Everything was waiting for a second coming. Axis mundi. The tiger with the slow moving thighs.


We went to Sorbillo on the waterfront for lunch and had a pizza that might possibly have been the best I’d ever had – pizza was invented in Naples, it’s a little better than Dominoes. We then got espressos at a popular little cafe near the Palazzo Reale, and walked the streets, taking in the sights and the people. I was looking for the omnipresent yet ever-elusive Pulcinella. Not the mythical one from the old plays. The modern-day embodiment of him. Pulcinella is described as the voice and direct expression of the Neapolitan people. A public servant, often lazy and careless, always humorous. I knew several of them in the States via my tool rental shop. Here, I looked for him among the waiters, the shopkeepers, the cab drivers, the house painters and so forth. But my time was so limited I wasn’t able to find him. It was now late afternoon, time to cool down at the hotel for a couple hours.

There’s an art to taking a vacation. The art is to never neglect relaxation time. I only had two days in Naples, which wasn’t nearly enough to see everything I wanted to see. Two weeks probably wouldn’t have been enough.
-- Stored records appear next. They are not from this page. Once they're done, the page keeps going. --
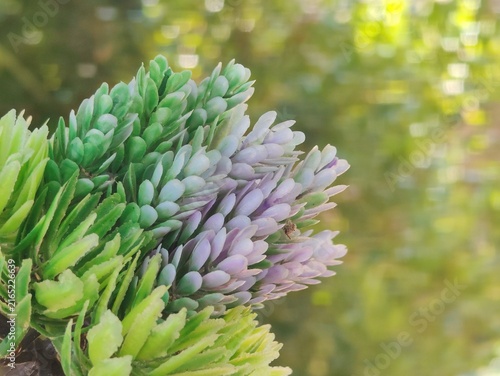 Quadro su tela Artificial flower decorations serve to beautify a room or event in a lasting way, without the hassle of watering or maintenance, and without the risk of wilting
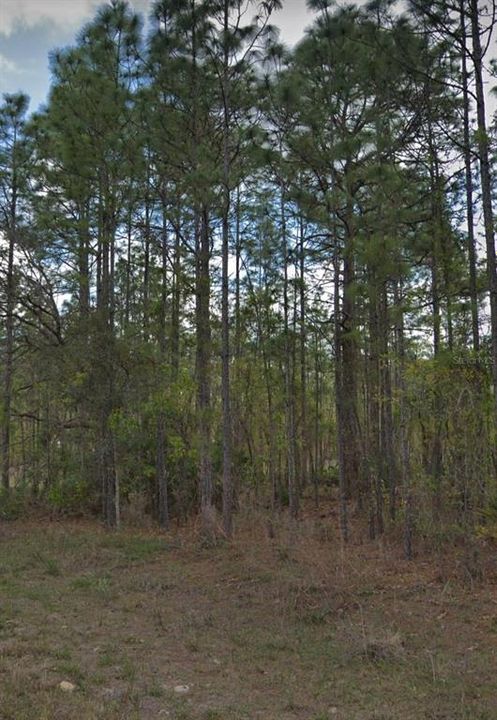 Recently Sold: $20,000 (0.48 acres)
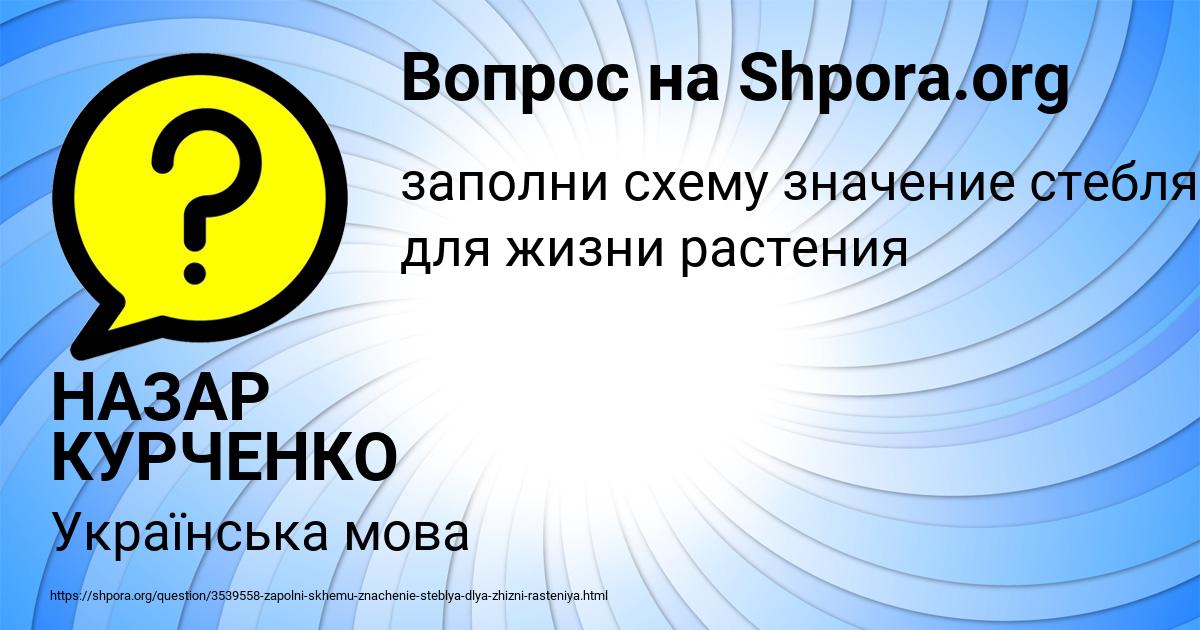 Картинка с текстом вопроса от пользователя НАЗАР КУРЧЕНКО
But I had to somehow make do with what I had while not overexerting myself. When some people go to new places on limited time, they often spoil the event with the feeling that they need to see everything, eat everything, take photographs of everything, and be everywhere all at the same time or the trip is a bust. Not me. I learned long ago the value of the return to the dark room in a strange city as temporary reprieve from the mob.
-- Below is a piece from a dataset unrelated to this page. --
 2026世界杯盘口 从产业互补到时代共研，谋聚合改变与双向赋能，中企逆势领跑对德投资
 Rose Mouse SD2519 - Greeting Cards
Two hours later, we felt completely rejuvenated. It was dinnertime. We walked through the bustling, narrow little scooter-buzzing streets to a place called Pizzeria Da Attilio.
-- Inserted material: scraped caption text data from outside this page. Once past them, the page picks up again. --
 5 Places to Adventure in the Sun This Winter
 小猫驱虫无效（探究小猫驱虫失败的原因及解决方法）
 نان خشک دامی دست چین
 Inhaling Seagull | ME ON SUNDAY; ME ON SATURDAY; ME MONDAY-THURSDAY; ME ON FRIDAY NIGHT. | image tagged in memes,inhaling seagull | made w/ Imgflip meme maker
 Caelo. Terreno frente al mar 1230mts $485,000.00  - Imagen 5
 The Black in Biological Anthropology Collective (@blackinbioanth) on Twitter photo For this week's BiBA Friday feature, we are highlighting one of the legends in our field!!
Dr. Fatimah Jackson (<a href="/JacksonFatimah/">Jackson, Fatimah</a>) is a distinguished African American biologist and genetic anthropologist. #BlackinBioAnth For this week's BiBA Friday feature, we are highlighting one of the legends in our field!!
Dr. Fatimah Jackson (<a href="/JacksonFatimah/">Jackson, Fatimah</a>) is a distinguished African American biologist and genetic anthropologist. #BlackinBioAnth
A bottle of red house wine. Another pizza that bordered on the transcendent, and a winding down of the night at a little cafe on Via dei Tribunali where we drank Limoncelli Spritzes and I sketched the Pulcinella that had been eluding me all day. Unfortunately, he’s eluding me again today. I have tried to upload the sketch several times but the internet has been slow all evening and it won’t take. That might be a good thing though because I’m not quite finished.

See you tomorrow for day 3 from Pompeii and Positano.


Italian Journey, Naples (Day 1)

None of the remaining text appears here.